Mary Ann "Buzz" Goodbody (25 June 1946 – 12 April 1975) was an English theatre director. Associated with the Royal Shakespeare Company (RSC) for almost all of her short career, Goodbody is remembered for her sometimes politically charged experimental work, and for establishing the RSC's first studio theatre in Stratford, The Other Place. She was the RSC's first female director.[1]

Biography

Early life and education

Mary Ann Goodbody was born in Marylebone, London, on 25 June 1946.[2] She was raised in St John's Wood and Hampstead, and gained her nickname as a toddler as a consequence of her very active and curious inclinations.[3] Her father was a barrister who spent a considerable amount of time in Africa and the Far East, with the result that Goodbody and her brother were largely brought up by their mother and nanny.[3]

Goodbody was educated at Roedean and the newly founded Sussex University.[4] A member of the Communist Party of Great Britain[5] from the age of 15, according to her brother, she was very much against applying for a place at Oxford or Cambridge.[6]

Acting in university student productions was frustrating for her. She once noted "All the best roles" – those she found interesting such as the lead in Henry V – "are written for blokes"; this was the catalyst that led her towards directing plays as a career.[7]

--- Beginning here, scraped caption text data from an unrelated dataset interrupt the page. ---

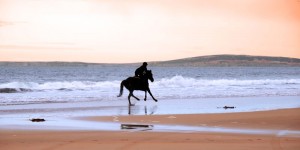 Equestrian Tours – Trail Riding<br>& Mini Breaks - Go Visit Ireland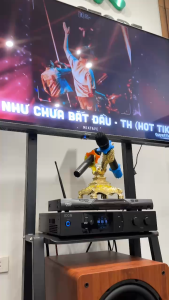 Loa Subwoofer iCON S200 – Siêu Trầm Uy Lực Chất Âm Chuyên Nghiệp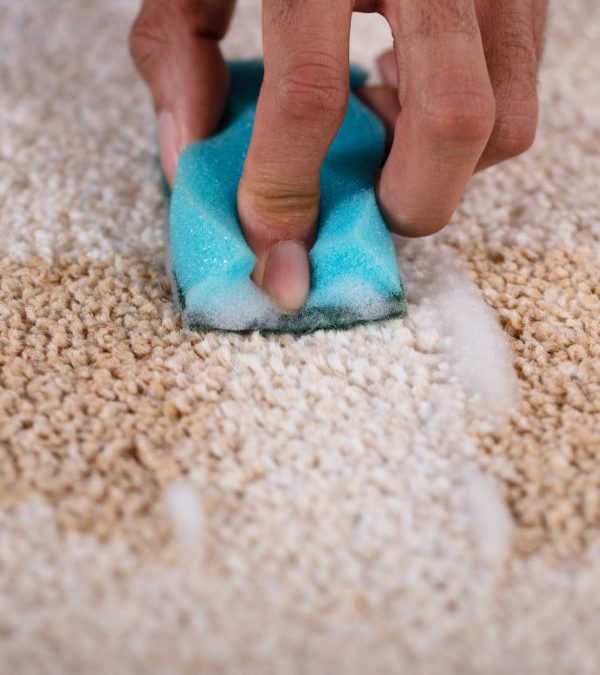 The Stress Factor: How a Dirty Carpet Affects Your Mood, Focus and Mental Well-Being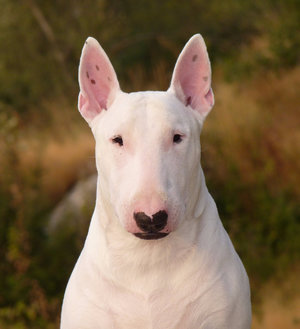 Бультерьер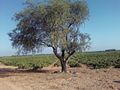 Amendoeira e vinha em "El pilón"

While at Sussex, where the main component of her degree was English Literature, she adapted and staged Dostoyevsky's novella Notes from Underground as part of her honours thesis.[8] This production won an award at the National Student Drama Festival, and was staged briefly at the Garrick Theatre in the West End.[1][9] The Sunday Times contributor Hunter Davies recalled interviewing Goodbody in 1966. He "found her so fascinating, remarkable, outspoken, opinionated – someone who seemed to sum up the spirit of our new universities, if not the 1960s – that [he] decided to put her in a [never-completed] book".[10] In September 1967, she married Edward Buscombe, a University of Sussex film student; the marriage ended in divorce in 1971.[10][11]

Royal Shakespeare Company

Goodbody first joined the Royal Shakespeare Company (RSC) in 1967 as director John Barton's personal assistant, after he had been impressed by a London performance of Notes from Underground.[8] Some tasks Barton initially gave her suggested that the appointment was not quite as positive as it seemed, but Goodbody reassured herself that it was at least a foot in the door at the RSC.[7] As well as undertaking research for Barton, she also served as a dramaturg for Terry Hands, and officially became an assistant director from 1969.[8]

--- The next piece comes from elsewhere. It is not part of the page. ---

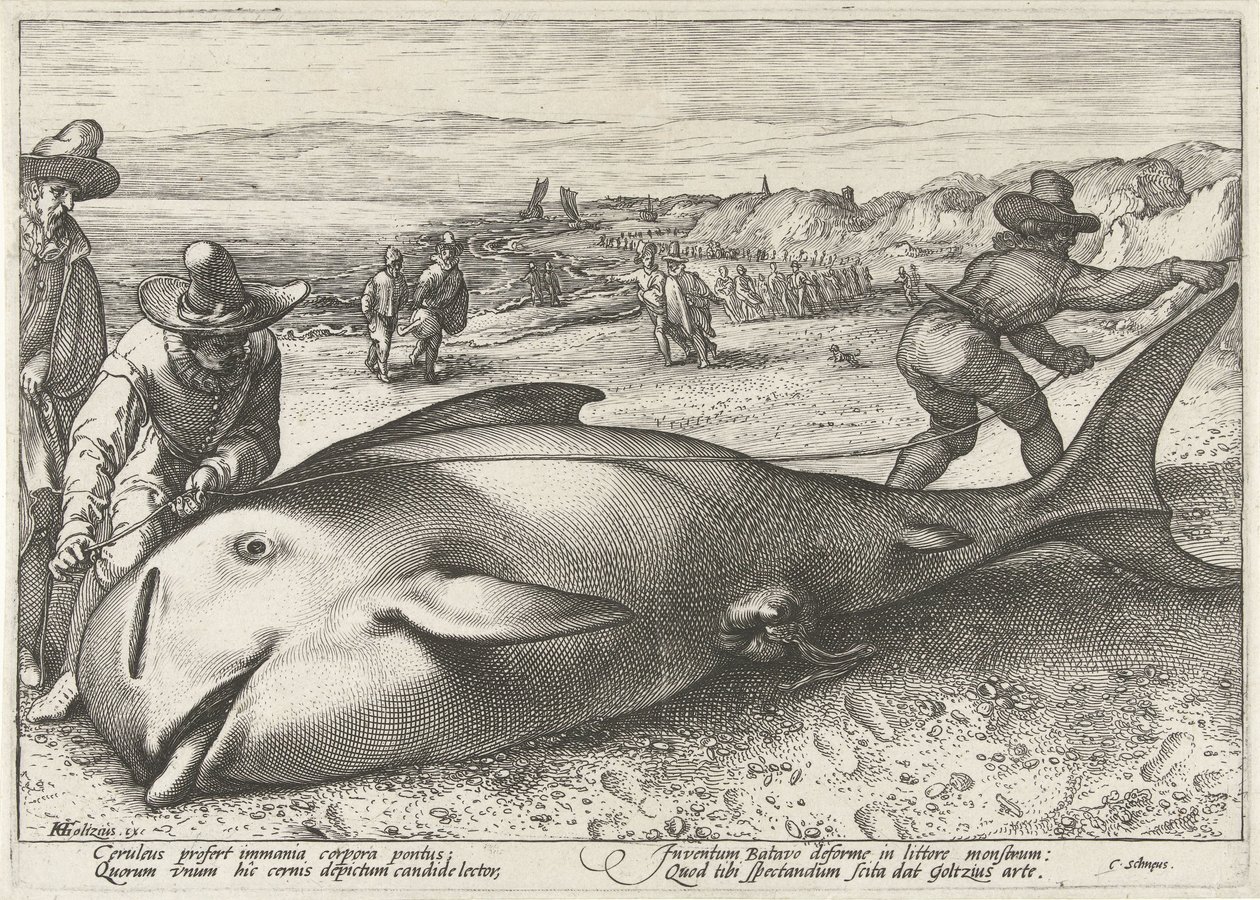Elakadt pilóta bálna a zandvoorti tengerparton, 1594 alkotó: Hendrick Goltzius (workshop of)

She became involved in Theatregoround, a project to develop smaller-scale productions of Shakespeare,[12] which included her productions in Stratford of King John, which was also seen at the Roundhouse in London, and the Elizabethan play Arden of Faversham, now attributed in part to Shakespeare, in 1970. According to Colin Chambers the production of the rarely performed King John was "much maligned but hugely entertaining".[4] Peter Brook thought the production had "vigour" and was "full of life, energetic, disrespectful".[13] She was the first female director to work for the RSC.[14]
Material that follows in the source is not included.